Google, in a way that is especially eyebrow-raising, also connects its Cloud Vision API to its web database, and so was able to figure out the historical context of this test photograph rather precisely (shown in the screen shot, above). Microsoft synthesizes all of the objects it can identify into a pretty good stab at a caption: “A man holding a sign walking in a street.” For those who want to make their collections roughly searchable (and just as important, provide accessibility for those with visual impairments through good-enough textual equivalents for images), a quick caption service like this is attractive. And it assigns that caption a probability: a very confident score, in this case, of 96.9%.
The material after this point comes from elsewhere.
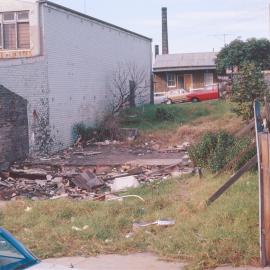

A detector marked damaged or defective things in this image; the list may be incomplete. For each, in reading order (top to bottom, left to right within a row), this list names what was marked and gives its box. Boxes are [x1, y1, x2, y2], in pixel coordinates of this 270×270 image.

broken concrete slab [108, 176, 140, 193]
In the spirit of Humane Ingenuity, we should recognize that this is not an either/or situation, a binary choice between human specialists and vision bots. We can easily imagine, for instance, a “human in the loop” scenario in which the automata provide educated guesses and a professionals in libraries, archives, and museums provide knowledgeable assessment, and make the final choices of descriptions to use and display to the public. Humans can also choose to strip the data of facial recognition or other forms of identity and personal information, based on ethics, not machine logic.
In short, if we are going to let AI loose in the archive, we need to start working on processes and technological/human integrations that are the most advantageous combinations of bots and brains. And this holds true outside of the archive as well.
Neural Neighbors
The numerical scores produced by the computer can also relate objects in vast collections in ways that help humans do visual rather than textual searches. Doug Duhaime, Monica Ong Reed, and Peter Leonard of Yale’s Digital Humanities Lab ran 27,000 images from the nineteenth-century Meserve-Kunhardt Collection (one of the largest collections of 19th-century photography) at the Beinecke Rare Book and Manuscript Library through a neural network, which then clustered the images into categories through 2,048 ways of “seeing.” The math and database could then be used to produce a map of the collection as a set of continents and archipelagos of similar and distant photographs.
Through this new interface, you can zoom into one section (at about 100x, below) to find all of the photographs of boxers in a cluster.
The Neural Neighbors project reveals the similarity scores in another prototype search tool. As David Leonard noted in a presentation (PDF) of this work at a meeting of the Coalition for Networked Information, much of the action is happening in the penultimate stage of the process, when those scores emerge. And that is also where an archivist can step in and take the reins back from the computer, to transform the mathematics into more rigorous categories of description, or to dream up a new user interface for accessing the collection.
(See also: John Resig’s pioneering work in this area: “Ukiyo-e.org: Aggregating and Analyzing Digitized Japanese Woodblock Prints.”)
Some Fun with Image Pathways
Liz Gallagher, a data scientist at the Wellcome Trust, recently used similar methods to the Neural Neighbors project on the Welcome’s large collection of digitized works related to health and medical history.
Then, using Google’s X Degrees of Separation code, she created pathways of hidden connections between dissimilar images, tracing a set of hops between more closely related images to get there one step at a time, from left to right in each row.
Each adjacent image is fairly similar according to the computer, but the ends of the rows are not. And some of the hops, especially in the middle, are fairly amusing and even a bit poetic?